Гардемарин проделал то же самое у второй, а подпоручик приказал зарядить пушки картечью. Гарнизон застыл в тревожном ожидании неизбежной схватки. Темнота, окружавшая Калу, казалась живой и враждебной, откуда вот-вот выскочат враги, и начнется кровавый хаос. Однако скованные дисциплиной матросы и солдаты каменными изваяниями застыли на своих местах в ожидании приказа. Наконец, подбирающиеся ко рву текинцы стали отчетливо видны, и лейтенант выдохнул:
– Огонь!
Первыми рявкнули пушки, за ними зарокотали, собирая кровавую жатву, митральезы, а сверху дружно ударили берданки пехоты.
– Алла! – закричал кто-то из атакующих, но крик его тут же захлебнулся.
Судя по всему, нападавшие рассчитывали захватить русских врасплох и, нарвавшись на столь плотный огонь, дрогнули. Некоторое время их еще пытались поднять в атаку командиры или муллы, но град пуль и картечи не дал им ни единого шанса, и вскоре охваченные паникой враги побежали.
– Слава богу! – перекрестился забывший о своем лютеранстве Майер. – Выстояли…
– Но что же случилось на левом фланге? – задал мучивший всех вопрос Шеман.
– Резня! – мрачно ответил Будищев, потом обернулся к расчету и строго приказал: – Пулемет почистить и смазать. Ленты снарядить. Проверю!
– Есть, ваше благородие! – вытянулись матросы.
Берг, в свою очередь, приказал комендорам пробанить орудия и зарядить их на всякий случай картечью. Остальные офицеры вновь собрались у бруствера, пытаясь понять, что же все-таки произошло. В этот момент к прапорщику робко подкрался Абабков и заискивающим тоном спросил:
– Кушать-то будете?
– Что? – не понял тот.
– Я говорю, остыло…
Утро 28 декабря выдалось ясным и погожим. Едва поднявшись над горизонтом в нестерпимо лазоревое небо, ласковое солнышко начало пригревать замерзшую землю и сбившихся в кучу упрямых и озлобленных людей в военной форме. Многие из них прошедшей ночью были ранены, другие потеряли в жарких стычках своих товарищей, третьи просто не могли взять в толк, как такое вообще могло случиться?
По описаниям немногих уцелевших, накануне вечером саперный поручик Санденецкий со своими людьми занимался разбивкой на местности очередной параллели, которая должна была пройти ближе к Геок-Тепе и тем самым еще больше стеснить неприятеля.

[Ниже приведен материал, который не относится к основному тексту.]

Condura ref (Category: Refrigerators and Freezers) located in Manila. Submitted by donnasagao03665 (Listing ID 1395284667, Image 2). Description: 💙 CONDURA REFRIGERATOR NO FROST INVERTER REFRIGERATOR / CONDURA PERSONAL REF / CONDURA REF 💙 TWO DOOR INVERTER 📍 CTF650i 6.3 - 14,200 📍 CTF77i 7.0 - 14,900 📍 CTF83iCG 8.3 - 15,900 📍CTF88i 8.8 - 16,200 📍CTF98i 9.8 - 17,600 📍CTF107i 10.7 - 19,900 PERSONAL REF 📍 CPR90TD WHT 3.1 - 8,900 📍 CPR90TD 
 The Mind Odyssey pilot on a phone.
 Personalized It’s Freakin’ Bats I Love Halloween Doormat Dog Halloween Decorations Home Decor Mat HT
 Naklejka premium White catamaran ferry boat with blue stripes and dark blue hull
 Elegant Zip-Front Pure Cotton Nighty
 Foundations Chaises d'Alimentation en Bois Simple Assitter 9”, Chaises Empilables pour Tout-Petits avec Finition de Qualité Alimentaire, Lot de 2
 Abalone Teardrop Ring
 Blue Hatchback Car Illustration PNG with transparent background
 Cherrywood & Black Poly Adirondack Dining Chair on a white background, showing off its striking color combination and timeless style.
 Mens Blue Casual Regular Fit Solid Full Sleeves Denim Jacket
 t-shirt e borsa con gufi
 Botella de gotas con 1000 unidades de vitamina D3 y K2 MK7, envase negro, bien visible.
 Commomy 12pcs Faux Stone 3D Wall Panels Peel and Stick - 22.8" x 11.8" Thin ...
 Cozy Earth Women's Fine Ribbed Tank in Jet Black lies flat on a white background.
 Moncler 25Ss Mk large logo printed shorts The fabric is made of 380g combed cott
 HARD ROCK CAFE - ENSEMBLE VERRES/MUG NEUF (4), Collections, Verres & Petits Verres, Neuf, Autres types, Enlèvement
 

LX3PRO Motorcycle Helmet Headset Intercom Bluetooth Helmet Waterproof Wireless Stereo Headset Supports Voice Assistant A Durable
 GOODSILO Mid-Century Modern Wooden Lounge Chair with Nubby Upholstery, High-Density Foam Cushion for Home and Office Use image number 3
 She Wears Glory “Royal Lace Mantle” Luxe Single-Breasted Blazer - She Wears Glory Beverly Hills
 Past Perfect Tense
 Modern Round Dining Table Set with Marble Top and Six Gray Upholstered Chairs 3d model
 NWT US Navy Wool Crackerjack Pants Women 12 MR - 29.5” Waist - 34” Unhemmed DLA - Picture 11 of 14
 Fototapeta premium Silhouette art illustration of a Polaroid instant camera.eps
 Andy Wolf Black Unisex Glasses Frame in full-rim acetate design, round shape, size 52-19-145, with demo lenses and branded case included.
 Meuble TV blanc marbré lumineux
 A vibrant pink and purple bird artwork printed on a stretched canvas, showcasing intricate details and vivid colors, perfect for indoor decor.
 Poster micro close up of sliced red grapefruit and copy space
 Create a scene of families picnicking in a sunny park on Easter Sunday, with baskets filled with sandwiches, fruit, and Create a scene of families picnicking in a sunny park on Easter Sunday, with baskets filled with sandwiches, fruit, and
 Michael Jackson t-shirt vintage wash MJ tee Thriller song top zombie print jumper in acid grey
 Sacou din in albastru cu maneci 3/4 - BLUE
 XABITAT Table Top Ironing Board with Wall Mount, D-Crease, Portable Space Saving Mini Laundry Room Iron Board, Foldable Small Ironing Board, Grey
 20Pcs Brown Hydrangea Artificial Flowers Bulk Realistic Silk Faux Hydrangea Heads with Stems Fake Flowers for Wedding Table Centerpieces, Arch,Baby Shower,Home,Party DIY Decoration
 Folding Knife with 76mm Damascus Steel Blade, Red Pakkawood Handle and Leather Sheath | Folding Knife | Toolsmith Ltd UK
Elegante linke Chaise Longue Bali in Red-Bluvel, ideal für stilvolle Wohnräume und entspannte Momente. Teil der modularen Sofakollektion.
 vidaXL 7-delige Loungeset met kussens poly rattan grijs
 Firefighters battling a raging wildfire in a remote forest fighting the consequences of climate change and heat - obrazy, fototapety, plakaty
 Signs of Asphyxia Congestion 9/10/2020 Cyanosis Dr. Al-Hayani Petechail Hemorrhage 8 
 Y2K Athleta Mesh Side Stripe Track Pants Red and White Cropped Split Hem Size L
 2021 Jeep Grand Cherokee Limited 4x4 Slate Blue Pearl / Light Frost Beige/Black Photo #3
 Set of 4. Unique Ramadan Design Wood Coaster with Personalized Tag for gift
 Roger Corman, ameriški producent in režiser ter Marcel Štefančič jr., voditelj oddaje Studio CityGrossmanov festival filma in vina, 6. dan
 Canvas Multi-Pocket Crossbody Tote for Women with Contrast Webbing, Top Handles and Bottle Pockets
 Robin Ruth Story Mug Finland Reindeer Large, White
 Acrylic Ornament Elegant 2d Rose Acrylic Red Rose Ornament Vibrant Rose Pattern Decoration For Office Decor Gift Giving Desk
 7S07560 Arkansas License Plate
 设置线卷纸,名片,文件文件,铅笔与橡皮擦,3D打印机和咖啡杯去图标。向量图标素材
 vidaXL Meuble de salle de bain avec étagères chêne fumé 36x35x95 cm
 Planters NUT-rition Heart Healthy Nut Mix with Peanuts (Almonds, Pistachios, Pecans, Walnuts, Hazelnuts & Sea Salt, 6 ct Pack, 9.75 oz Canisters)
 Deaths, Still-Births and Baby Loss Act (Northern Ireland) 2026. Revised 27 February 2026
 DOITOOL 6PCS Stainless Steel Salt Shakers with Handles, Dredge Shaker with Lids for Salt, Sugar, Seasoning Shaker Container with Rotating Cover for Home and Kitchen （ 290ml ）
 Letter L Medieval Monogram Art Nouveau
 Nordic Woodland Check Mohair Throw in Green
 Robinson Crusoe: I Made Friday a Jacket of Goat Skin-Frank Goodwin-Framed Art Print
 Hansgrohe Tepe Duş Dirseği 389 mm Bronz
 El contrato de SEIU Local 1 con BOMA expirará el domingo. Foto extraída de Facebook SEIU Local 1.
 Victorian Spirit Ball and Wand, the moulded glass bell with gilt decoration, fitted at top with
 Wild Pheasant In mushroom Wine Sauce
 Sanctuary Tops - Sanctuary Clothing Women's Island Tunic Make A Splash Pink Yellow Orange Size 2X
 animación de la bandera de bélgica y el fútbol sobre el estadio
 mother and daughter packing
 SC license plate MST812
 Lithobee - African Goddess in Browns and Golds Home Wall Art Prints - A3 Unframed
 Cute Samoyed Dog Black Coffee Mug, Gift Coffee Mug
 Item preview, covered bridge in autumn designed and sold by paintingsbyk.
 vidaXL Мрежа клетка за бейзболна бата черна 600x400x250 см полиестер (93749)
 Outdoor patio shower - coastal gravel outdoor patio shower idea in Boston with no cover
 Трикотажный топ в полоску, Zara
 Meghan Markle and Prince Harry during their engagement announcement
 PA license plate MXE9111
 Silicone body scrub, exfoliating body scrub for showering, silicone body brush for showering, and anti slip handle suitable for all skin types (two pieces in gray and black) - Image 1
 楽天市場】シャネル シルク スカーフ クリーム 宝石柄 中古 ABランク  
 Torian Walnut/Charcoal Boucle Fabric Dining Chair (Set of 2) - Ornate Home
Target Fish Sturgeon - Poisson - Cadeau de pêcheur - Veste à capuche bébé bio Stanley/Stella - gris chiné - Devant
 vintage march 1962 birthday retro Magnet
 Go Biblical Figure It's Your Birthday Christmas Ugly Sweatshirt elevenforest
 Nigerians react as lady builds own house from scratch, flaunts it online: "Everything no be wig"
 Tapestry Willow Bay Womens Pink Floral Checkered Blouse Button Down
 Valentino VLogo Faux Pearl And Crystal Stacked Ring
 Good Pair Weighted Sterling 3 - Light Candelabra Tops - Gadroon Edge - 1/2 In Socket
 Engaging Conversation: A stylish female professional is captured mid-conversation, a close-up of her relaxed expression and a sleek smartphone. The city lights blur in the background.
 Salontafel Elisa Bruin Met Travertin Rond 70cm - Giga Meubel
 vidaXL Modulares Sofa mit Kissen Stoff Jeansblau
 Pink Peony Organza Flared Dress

Работа шла своим чередом, сначала выполнили разметку на местности, потом взялись за лопаты, а между тем, едва ночная темнота вступила в свои права, несколько тысяч туркменских воинов вышли из крепости и в полном молчании направились к русскому лагерю. Сначала им приходилось красться, затем и вовсе передвигаться ползком, но ни один из них не издал ни звука. Ни у кого не звякнуло снаряжение, никто не кашлянул, не чихнул и вообще никак не выдал своего присутствия, и только когда до проклятых «белых рубах» оставалось уже рукой подать, кто-то из солдат заприметил непонятную темную массу, неумолимо надвигавшуюся на них.
– Чего это? – недоуменно спросил он у товарищей.